Aquí entra la famosa respuesta del mercado.

  • En este sentido, General Electric (GE) ha expresado que la prohibición de las lámparas incandescentes es una mala idea y es mejor realizar un cambio gradual, discutiendo el desarrollo de nuevas tecnologías -cómo los diodos emisores de luz- y que los gobiernos de los países no pueden dictar que tecnología debe usar el consumidor final.
  • Además, GE alerta que el 90% de las lámparas fluorescentes compactas que se comercializan en los Estados Unidos son fabricadas en China, lo cual, en caso de darse una cambio de tecnología a corto plazo, harán de los Estados Unidos dependientes de fabricantes extranjeros en todos los campos de la iluminación general y dicho cambio, se podría traducir en la perdida de empleos para los estadounidenses.[iii]

Lo cual complica las cosas enormemente.

  • Esto da pie a que las políticas energéticas (y se ha dicho hasta el cansancio), no sean pensadas del lado de la oferta, sino de la demanda. Ya que, cómo se esta demostrando, las energías renovables no van a dar el ancho ni por mucho para cubrir la demanda de energía mundial.

    Solo por poner un ejemplo, en Alemania, el pronostico para el año 2050 es que las fuentes renovales (agua, viento, sol y biomasa) sólo podrán cubrir el 45% de la demanda de energía del país al terminarse el uso de las fuentes convencionales (carbón, petróleo, nuclear y gas). La gran pregunta es: ¿cómo cubrir el 55% faltante?

La respuesta: Ahorro de energía/eficiencia energética.[iv]

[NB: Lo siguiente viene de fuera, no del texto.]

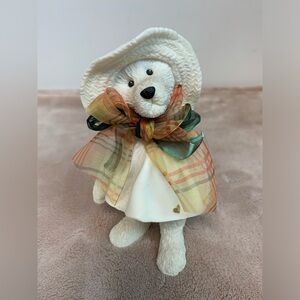 Vintage 1997 “Daisy Bear” Figurine from Sarah’s Attic. Limited Edition.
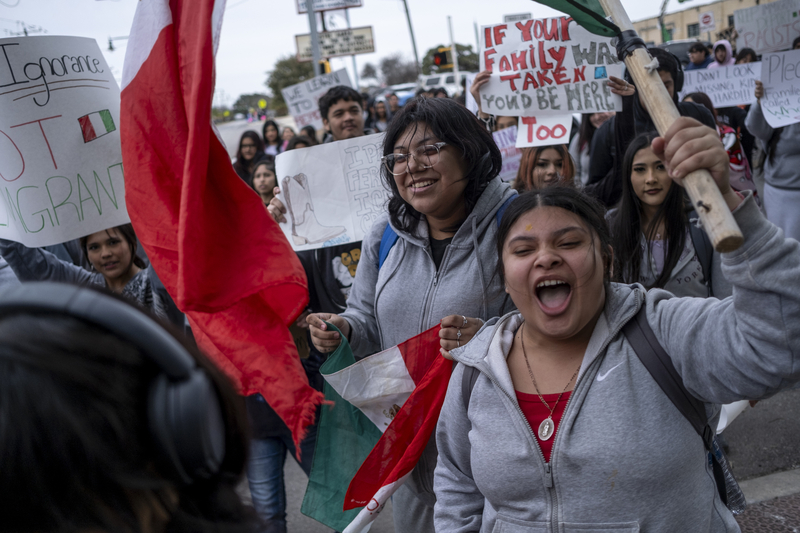 Hundreds of Texas public school students walk out to protest ICE killings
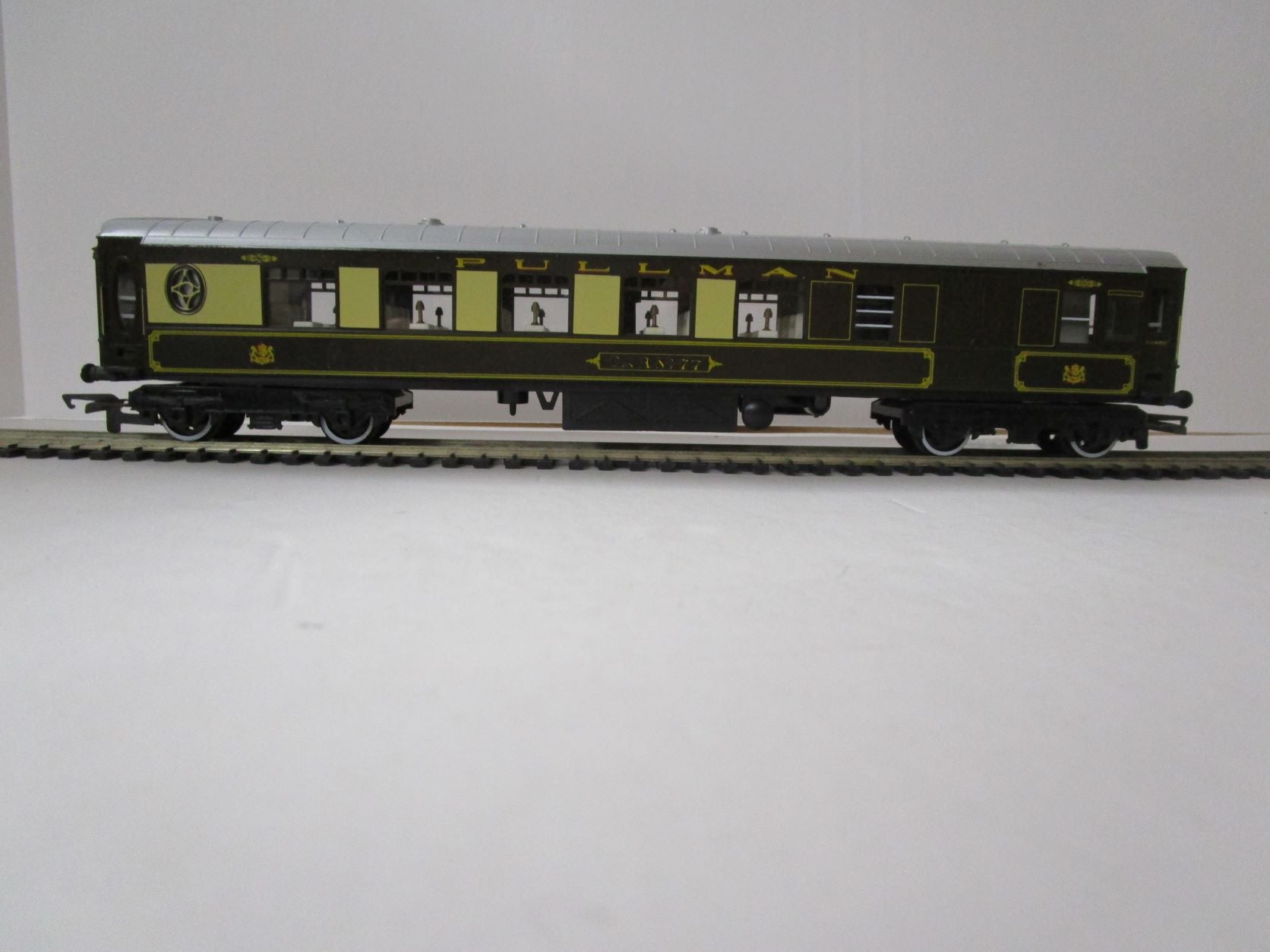 R2598M-P02 HORNBY Pullman 3rdClass Parlour Car 77 - Unboxed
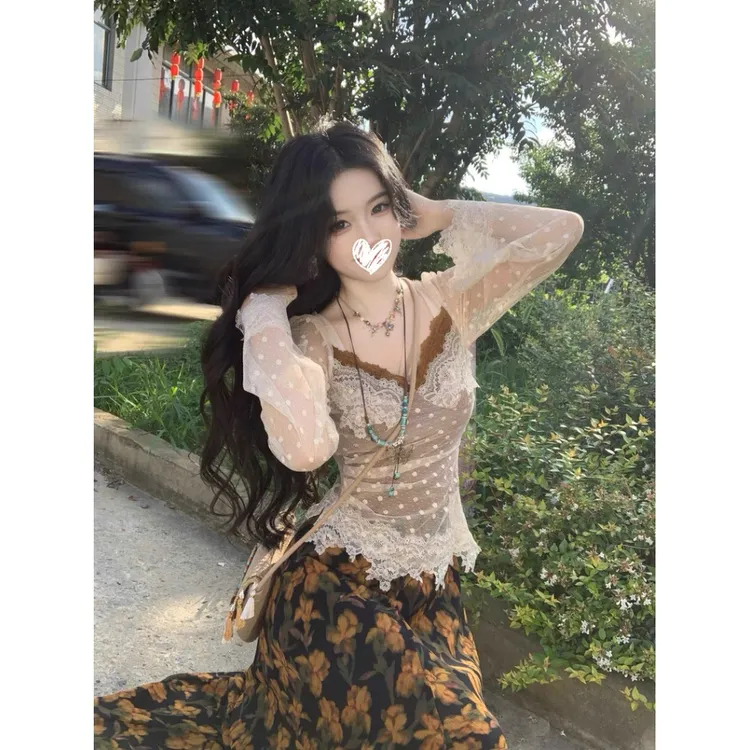 设计感蕾丝假两件长袖上衣+碎花半身裙早秋套装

  • No sólo hay que ser eficientes, también debemos cambiar nuestros hábitos sobre el consumo. ¿Qué tanto confort estamos dispuestos a sacrificar? Un ejemplo son ya las tarifas eléctricas de prepago, cómo en Colombia, donde de manera muy sutil se raciona la energía al usuario final.
  • ¿Será que la solución al problema que representa el termino de la era del petróleo, esta en: el poder del consumidor?
  • Todos estos factores hacen que El final de la lámpara incandescente está mas lejos de lo que imaginamos. Quedan mas preguntas que respuestas. Estamos viviendo, en definitiva, los tiempos de una transición energética.

[i] The scale of economy: global energy efficiency potentials, opportunities and conditions for success. Paul Waide. Senior Policy Analyst, Energy Efficiency and Environment Division International Energy Agency.
[ii] Verbraucherzentrale Bundesverband e.V. http://www.vzbv.de/
[iii] Europe to unplug from common light bulbs MSNBC News. http://www.msnbc.msn.com/id/17364944/
[iv] H.Lehmann. Wuppertaler Institut f|r Klima, Unwelt und Energie.